The research project ‘Bioscopic Books. Artist's books as seen through the cinema eye’ focuses on artist's books from filmmakers.
Filmmakers like Jean-Luc Godard, Werner Herzog and Patricio Guzmán make their films with a pen in hand. Their so-called essay films or cine-essays tighten the bonds between cinema and literature, but largely remain within the boundaries of the film medium. Other filmmakers such as Chris Marker, Michael Snow and Peter Greenaway are far more fascinated by the book as an object and make books next to their films. These artist’s books are more than preparatory studies or afterthoughts on their film practice.

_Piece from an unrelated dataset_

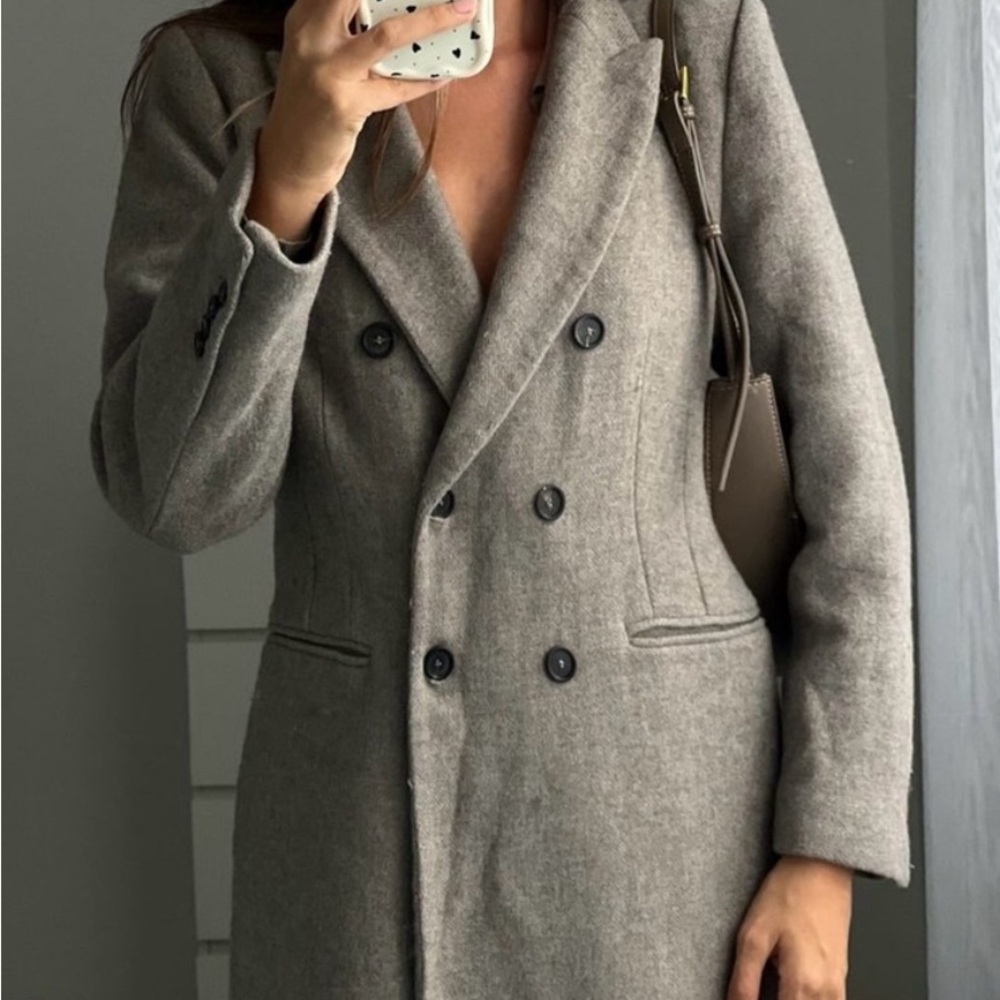 Zara Gray Trench Coat with Classic Lapels and Structured Shoulders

The artist's book challenges filmmakers to reflect on their artistic discourse and practice, and to reinvent their idiosyncratic film style in book form. It is far from a simple translation, which raises questions about medium specificity, media dialectics and authorship. And yet there is much that connects films and artist's books. Both first arose and made furore in the Parisian fin-de-siècle; both are structured sequentially, inevitably suggesting a narrative; and both need artistic strategies to control time duration and flat white spaces.
Those who think artist's books belong to the dusty past and films to the glistening future have not been paying attention. In the past quarter of a century, cinema has been declared dead or at least sentenced to the post-cinema era, while artist's books are on an artistic role. This becomes evident when looking at the academic attention to the subject, the opening up of archives, the number of publishers who have taken an interest in the artist’s book, and – most importantly – the many artists and filmmakers who have realized one.
The research project ‘Bioscopic Books. Artist's books as seen through the cinema eye’ aims to develop a broad spectrum of activities that render the special translation from film to book (and back) visible: lectures, publications, screenings, an exhibition, and the realization of artist's books by contemporary filmmakers.